Archiv für den Tag 11/10/2009

Life-Balance

Jeder Mensch pflegt auf seine bestimmte Art, den Kontakt zu dem wahren selbst zu pflegen. Manche pflegen ihn mit Bücher, manche mit Yoga. Manche mit Kaufrausch und manche mit Kafeekränzchen. Manche mit Wein und manche mit Tee. Ich bräuchte unterschiedene Wege, weil meine Neugierde „unersättlich“ scheint.
 
Seit langer Zeit praktiziere ich Zazen und Tee. In letzter Zeit war es ein wahres Luxus geworden, diese beide Wege zu beschreiten. Meine Selbstliebe leidet total unter dem Stress mit Shui Tang.
 
Weil es eben menschlich ist, Gruppendynamik zu entwickeln und zu leben, existiert überall die Unterscheidung zwischen „Wir“ und „Ihr“. Wenn man plötzlich mit dem Leben nicht mehr ganz klar kommt und manchmal nicht immer zustimmen, was gechieht, wird man plötzlich „out“. So geschah es in der Zen-Gruppe, in der ich praktiziere. Für sie wurde ich plötzlich „fremd“ – in meiner Wahrnehmung.
 
Wer ist denn gerne „out“? Wer ist denn gerne eine „Fremdlinge“. Diese Empfindung behinderte in der Tat auch meine Schritte zu meinem Praxis. Ohne das regelmässige Praxis – die Regelmässigkeit ist für jeden eine andere – ist der Alltag voll und manchmal erstickend. Ich atmete kaum wirklich. Nur Atmungszüge, ohne Saurstoff. Den Alltag zubewältigen ohne Inspiration und nur Routine. Der Kopf dreht  sich im Kreis und das Herz ist verstopft. Ich liebe mich selbst nicht mehr, weil das „Ich“ kaum einen Raum bekommt.
 
Mein verstorbener Lehrer Michel sagte mir einmal, weil er wußte, dass ich faul bin und viele Ausrede finden kann, um den Weg auszuweichen. „Gehe ins Dojo ohne Liebe und Hass , nur aus Gleichmut. Warum sollte man sich freuen oder leiden, wenn man Zazen machen will?“ Ist ein Mensch besser, weil er Zazen praktiziert? Sicher nicht. Innerlich spürte ich immer mehr den Drang, es weiter zu gehen. Was die anderen über mich denken und verurteilen könnten nur mich behindern, mich zu entwickeln – wenn ich es selbst zulasse, aber mich nicht behindern auf meinen Weg zu gehen. Die wirkliche Freiheit, den innere freie Willen, den niemand weg nehmen kann, verwirklicht die tatsächliche Unabhängigkeit des Ich. Das zu tun, was einen wichtig ist, nicht weil es gelobt und missachtet wird.
 
Es war eine der wichtigen Lehre von Michel, dass man unbeirrt es tut, was einen bedeutet, nicht weil es beliebt oder belohnt wird. Die „Absichtlosigkeit“ im Leben schafft mir eine große Freiheit.

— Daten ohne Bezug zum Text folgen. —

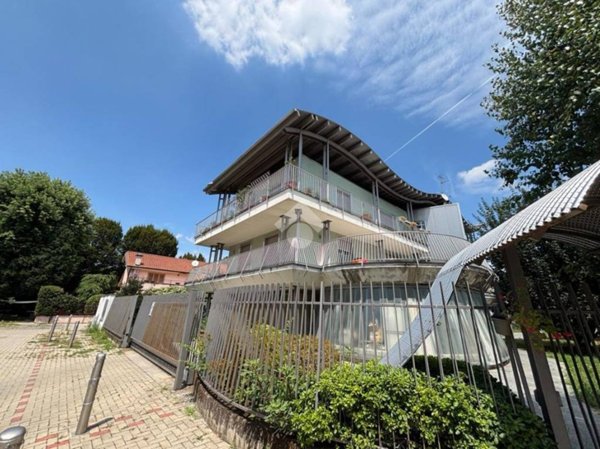 ufficio in vendita a Legnano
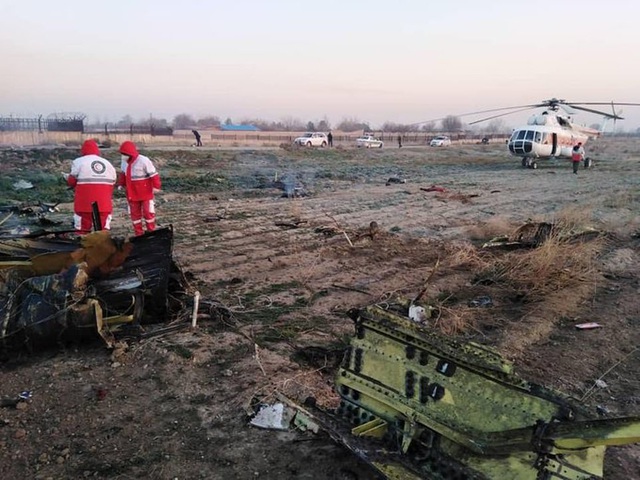 Cục hàng không liên bang Mỹ (FAA) hôm nay đã đưa ra cảnh báo với các hãng hàng không tránh không phận Iran, Iraq và phía trên Vịnh Ba Tư, Vịnh Oman trong bối cảnh căng thẳng giữa Iran và Mỹ leo thang với hàng loạt các hành động đáp trả quân sự. (Ảnh: Reuters)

Shui Tang wäre heute nicht dort, wenn ich Dinge stricke mit Absichten, um Menschen zu gefallen.
 
Ich ging wieder zum Zazen. Zuerst begegnete ich ausweichende und misstraurischen Blicke. Mein Kopf fing auch an zu spekulieren, was sie alles über mich denken konnten – ich kenne diese Gruppendynamik gut. Die meisten Menschen verraten nichts, nur durch ihren Blick, was sie über Dich denken. Dadurch bekommen wir nie eine Chance tatsächlich die Dinge zu klären. Vor allem in einer Gesellschaft, die auf das vermeintlichen Konsens aufgebaut ist. Nur selten dumme Menschen sprechen die Dinge direkt an und versuchen anderen Menschen Möglichkeiten zu geben, auszusprechen und zu streiten.
 
Mit Mühe bemühte ich mich innerlich nicht auf diese Blicke zu reagieren. Tatsächlich ging es für mich nur um das, was mich berührt und interessiert. Ein gutes Bild in Augen des Anderen und eine tolle Karriere interessieren mich in der Tat selten. Ich wollte nur den Kontakt zu mir wieder schaffen. 
 
Da ich nichts beanspruche und komme und wieder gehe, wurden die Blicke weicher und freundlicher.  Mit der Zeit werden Lächeln und Begrüßung werden ausgetauscht. Wir kannten uns eigentlich schon so lange. Wir sind in der Tat eins. Wozu die Trennung zwischen den Herzen?
 
Es ist interessant zu beobachten, was das Nicht-Bewegen bewirkt. Es ist wichtig zu wissen, dass man beobachtet wird und Demut braucht. In diesem Demut verbirgt eine Größe, eine
Kraft, zu helfen, sich nicht zu bewegen.
 
Mit der Zeit spüre ich wieder den Kopf, der nun ein bisschen leere Zeile bekommen hat. Ich kann Dinge wieder besser wahrnehmen und lesen. Diese aufgeräumten leeren Zeilen sind Räume für Kreativität und Inspiration für Shui Tang. Es ist schwierig, Life-Balance zu erhalten. Für mich ist Shui Tang in wahrsten Sinn des Wortes die Prüfung des Lebens. Ich stelle mich dieser Prüfung. Eine gute Herausforderung.